How to find DKIM record without selector?

Email marketer from Mailhardener states that DKIM selectors let you publish multiple DKIM keys for different purposes, senders, or servers using the same domain. Finding the public DKIM key without knowing the selector is going to be nearly impossible because it can't be queried.

Email marketer from EmailSecuritySPF shares that DKIM selectors help to differentiate between multiple DKIM keys and records, if the selector isn't known then you're unable to identify the corresponding TXT record in DNS.

Email marketer from Stackoverflow states that if you don't have the selector, it's almost impossible to find the DKIM record. You would need to guess the selector, which is usually something descriptive like 'google', 's1', or 'default'.

Email marketer from Spamresource shares to identify the DKIM selector you will need to review email headers of emails that have been signed by that domain. Look for the DKIM-Signature.

Email marketer from Web Hosting Talk suggests to check with your ESP as some will make it available on the user interface. Otherwise checking mail headers for a DKIM signature is required.

Email marketer from EasyDMARC suggests using their DKIM record lookup tool, but states that you need to know the selector to use it.

Email marketer from Reddit shares the selector will be within the email header and called 's='. The email header parameter will be called DKIM-Signature

Email marketer from Email Geeks shares additional tips, including performing MX Lookup to detect the domain and perform DKIM Lookup accordingly. Also shares to use EasyDMARC domain scanner which performs DKIM Lookup with selectors in their DB.

Marketer from Email Geeks explains you need the selector and the signing domain to find the public key and you can find the selector in the DKIM-Signature header of an email from the source.

Email marketer from MXToolbox explains that a DKIM selector is required to perform a DKIM lookup. Try to find the selector used by the sending server by looking at the email headers of a message sent from that domain. View source of an email and then look for DKIM-Signature.

Email marketer from Reddit shares that DKIM records are located in the DNS settings of your domain, you will need to access your domain's DNS records through your DNS provider (e.g., GoDaddy, Cloudflare, Namecheap, etc.).

Email marketer from Valimail shares that finding a DKIM record without knowing the selector is difficult. They suggest that if you control the sending domain, check the DKIM settings in your email service provider's control panel. If you don't control the domain, try to find the selector used by the sending server by looking at the email headers of a message sent from that domain.
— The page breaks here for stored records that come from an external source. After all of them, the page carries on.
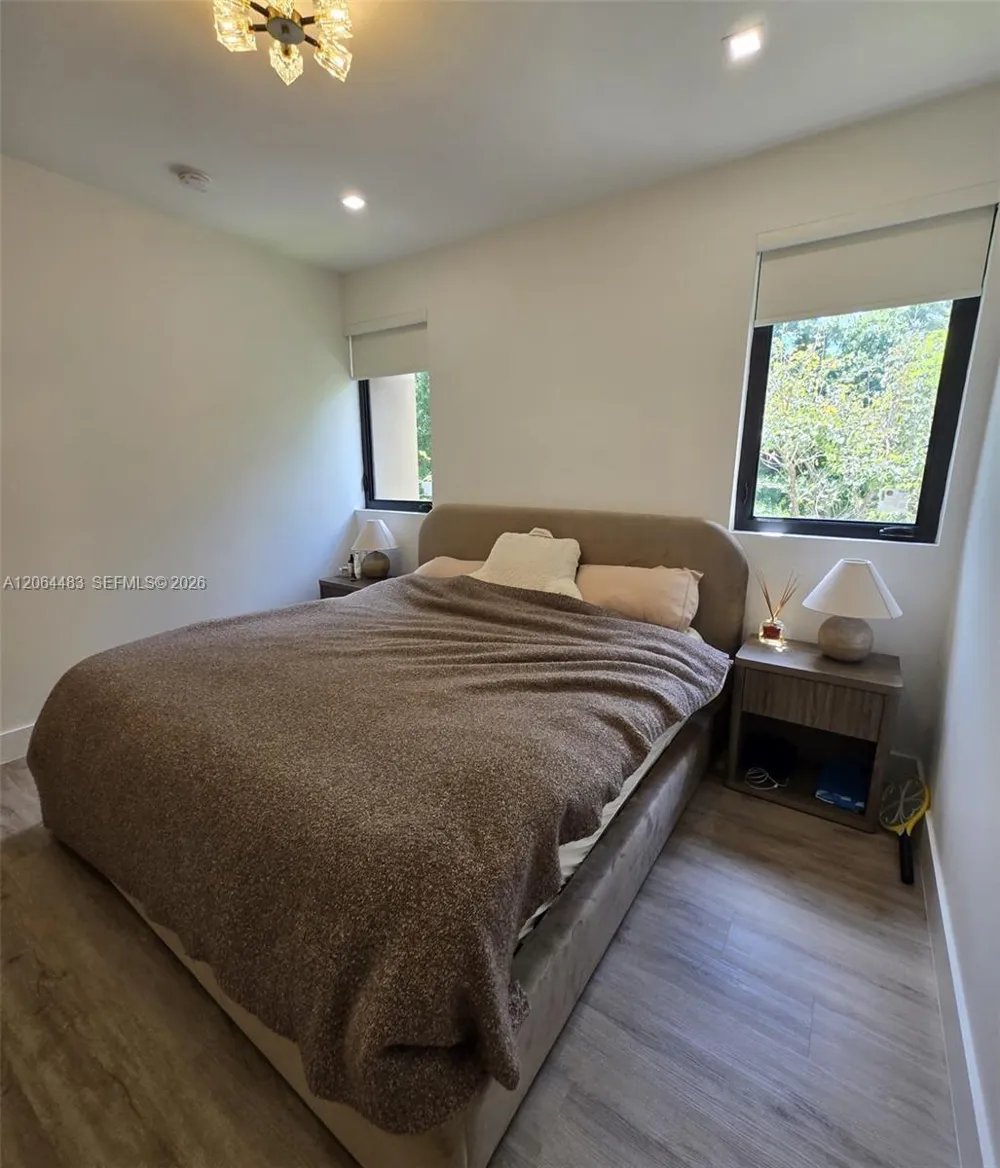 5503 W Oak Way #5503 Dania Beach, FL 33314
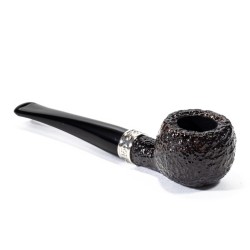 Pipe Savinelli 150° Anniversary Achille III Prince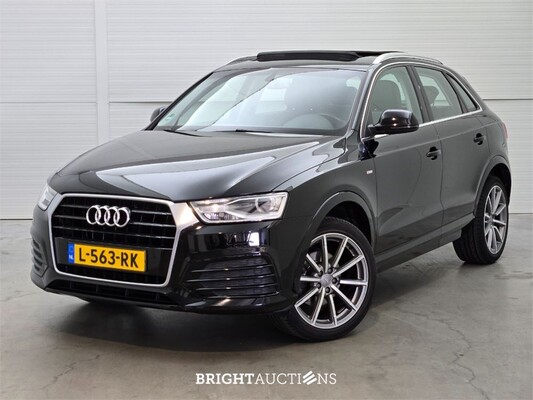 BRIGHT AUCTIONS: Luxury, Premium Daily Driver & Electric Vehicle Auction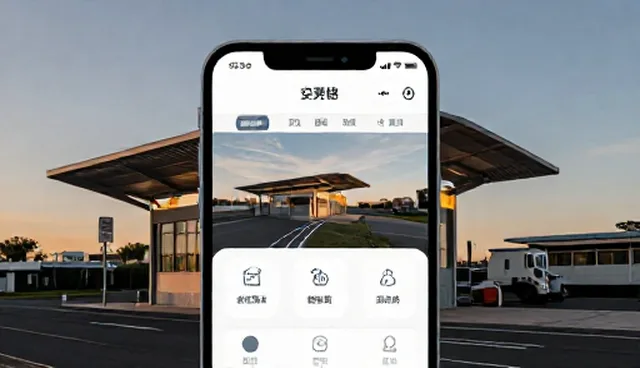 技术实施：网络推广中的系统安全分析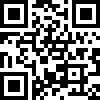 https://khabaronline.ir/xj3cJ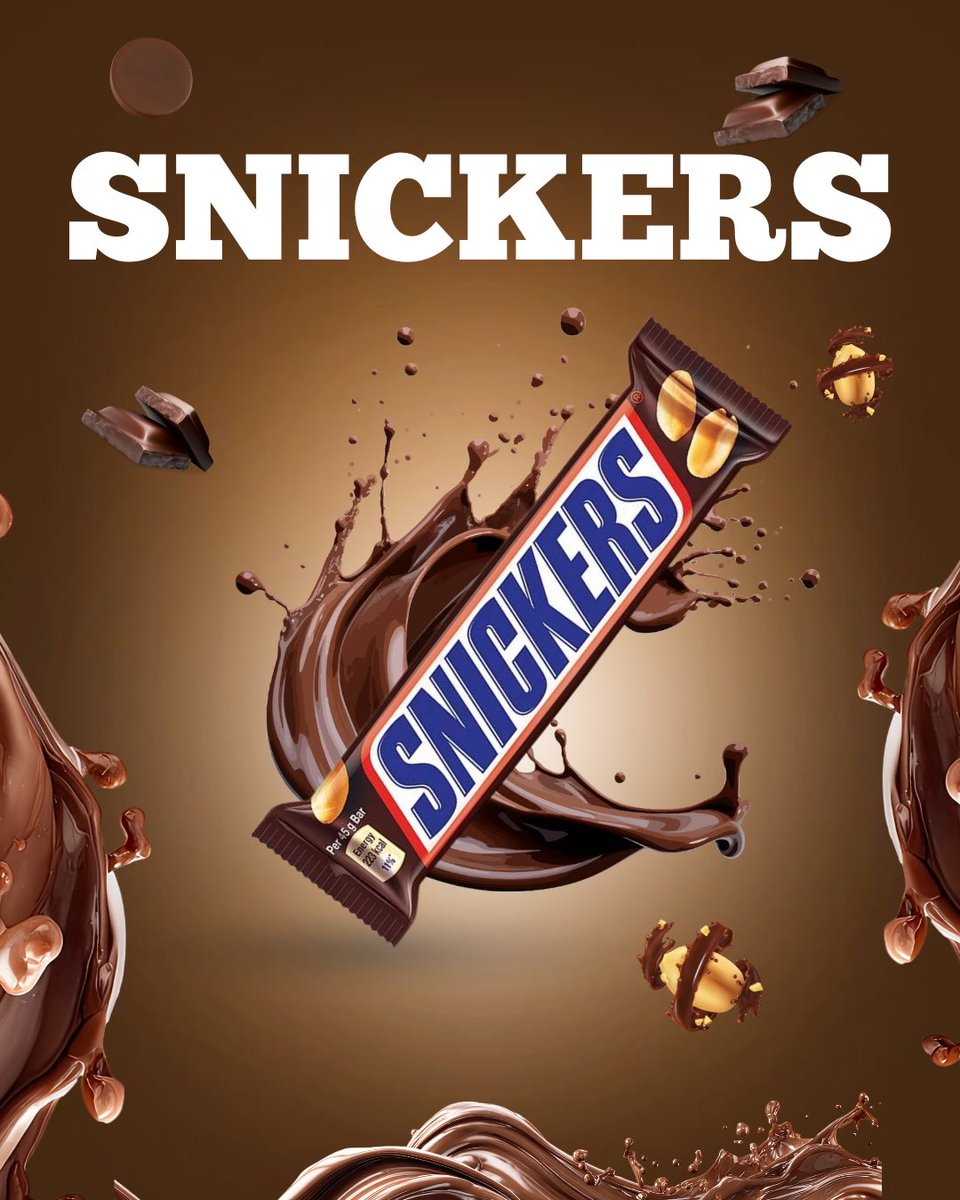 AngelsaysSo's tweet photo. Practicing until it looks effortless.
@MarsGlobal https://t.co/woObrWU4Pd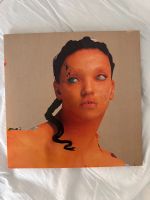 FKA twigs: Magdalene Vinyl Frankfurt am Main - Gutleutviertel Vorschau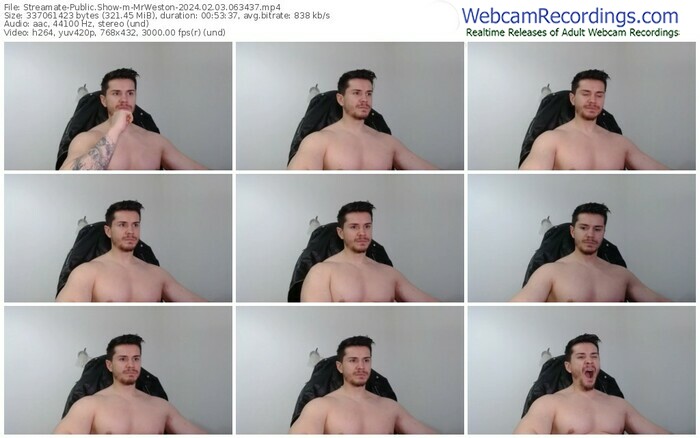 streamate-mrweston-02-03-2024-06-34-37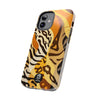 Afrikana Wildskin Tough Phone Case (For iPhone, Galaxy &amp; More)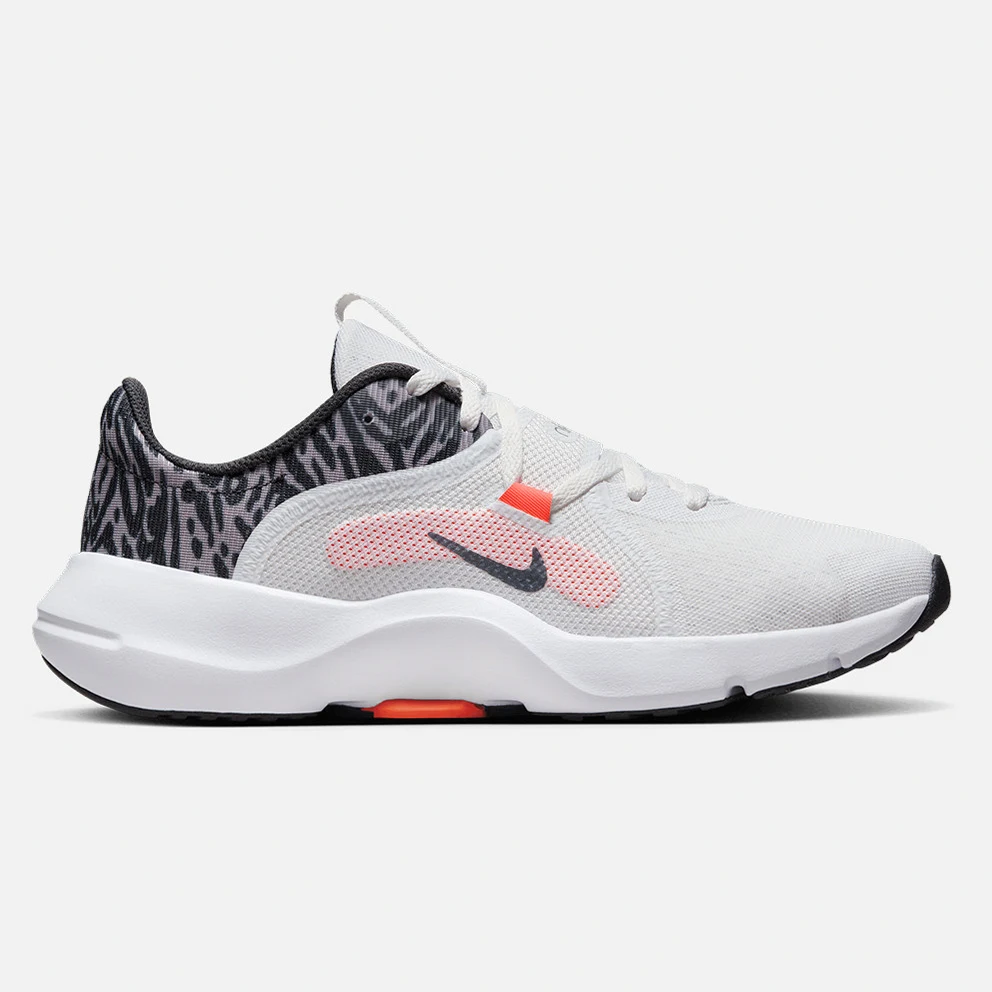 In-Season  Women's Gym Shoes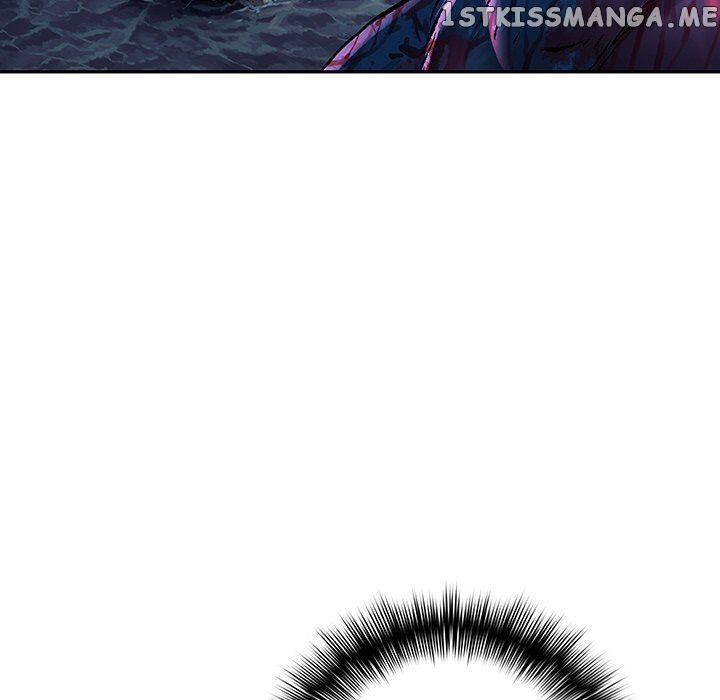 Leviathan, Chapter 92 image 55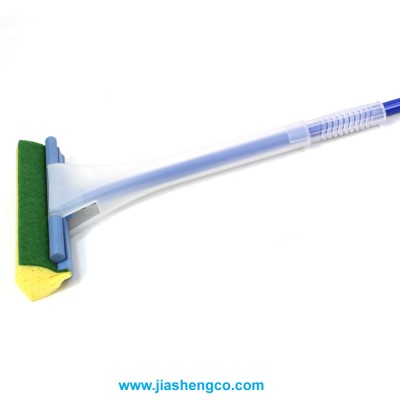 New Design 24CM Roller Sponge Mop Roller mop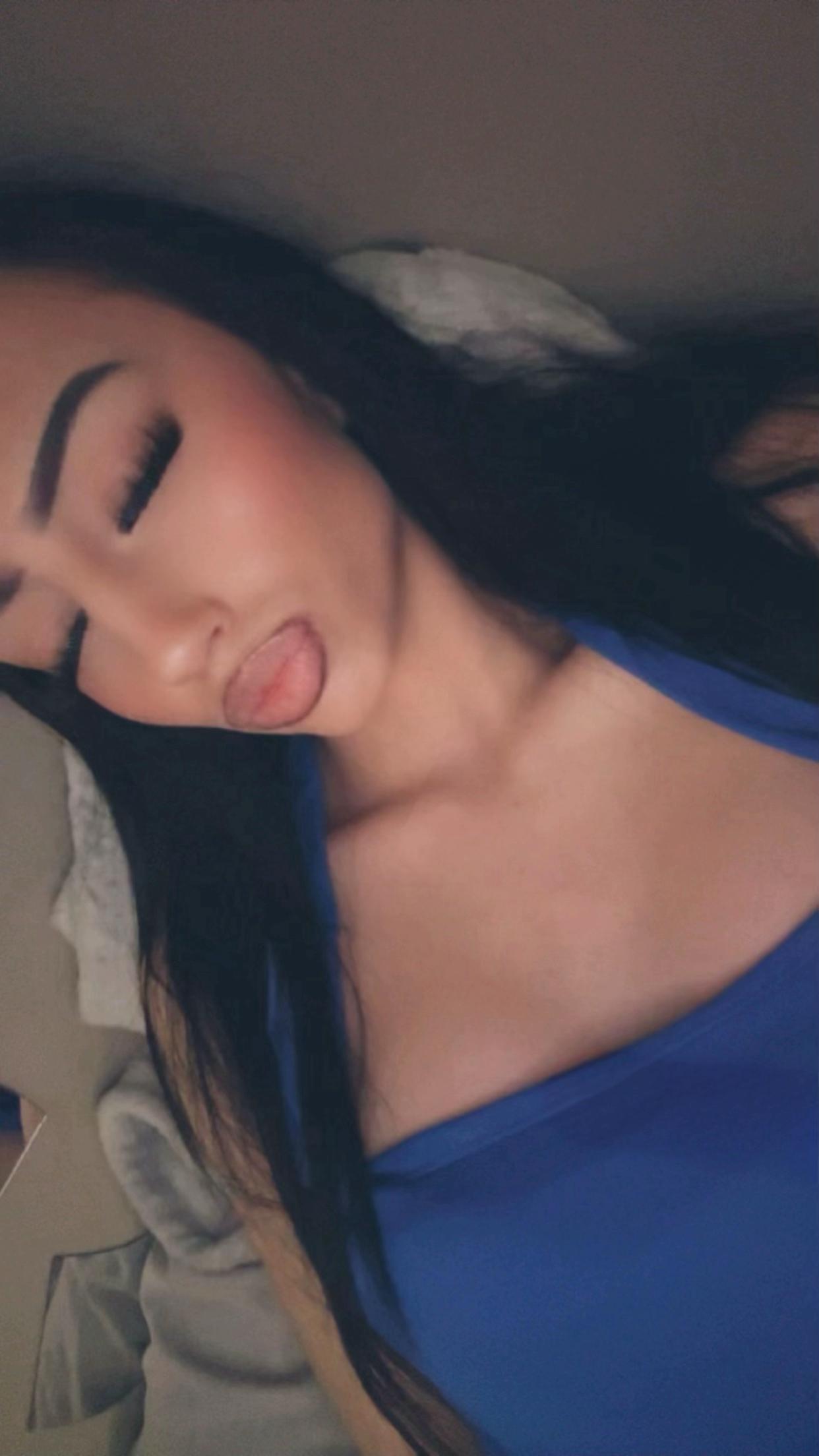 @𝑼𝒛𝒓𝒓.𝒎𝒏𝒂🥥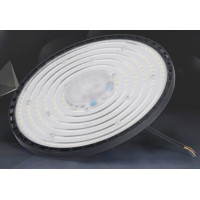 Lampe de Hall UFO LED (230V) 100W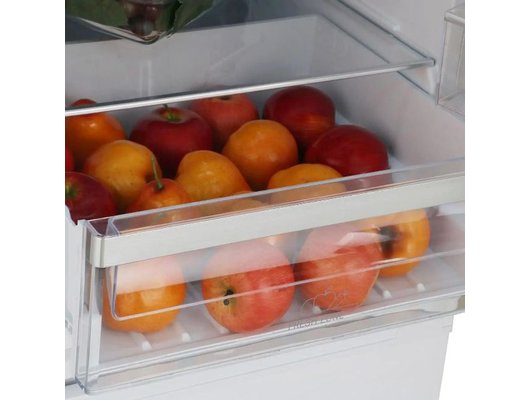 Встраиваемый холодильник HOTPOINT HBT 18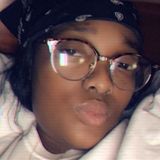 Imari from Kansas City | Woman | 29 years old | Scorpio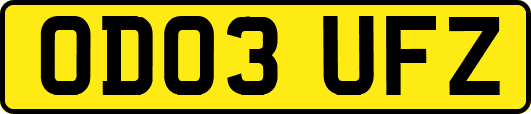 OD03UFZ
Marketer from Email Geeks explains that you have to have the exact selector to perform a DNS TXT record lookup. For example: If s=emailgeeks and d=example.com then the DNS TXT record to lookup is emailgeeks._domainkey.example.com. The selector is required to complete the DNS lookup.

Expert from Word to the Wise explains to check authentication you need to use mailfrom, and not just the header from.

Expert from Word to the Wise explains that having multiple DKIM keys is not a good idea and it is better to not do this, if you do then one signing key will clobber the other signing key.

Expert from Spamresource shares to identify the DKIM selector you will need to review email headers of emails that have been signed by that domain. Look for the DKIM-Signature.

Expert from Email Geeks shares that you may be able to guess the selector using xnnd.com.

Documentation from DMARC Analyzer explains that a DKIM selector is used to publish multiple DKIM keys for a single domain. This allows a domain to rotate keys more easily and use different keys for different services or subdomains. Without the selector, it's not possible to query for the correct DKIM record.

Documentation from RFC6376 (DKIM standard) explains that the selector is a string used to locate the correct public key. A domain can publish multiple DKIM keys, and the selector indicates which key was used to sign a particular message. Without the selector, the receiving server cannot determine which key to use for verification.

Documentation from Google Workspace Admin Help explains that the DKIM selector is a string that distinguishes multiple DKIM keys for a single domain. It's a name you give to your DKIM key, and it can be anything you want, but it must be unique.

Documentation from Cloudflare explains DKIM records are stored in DNS as TXT records. The name of the record follows a specific format: [selector]._domainkey.example.com, where [selector] is the DKIM selector and example.com is your domain.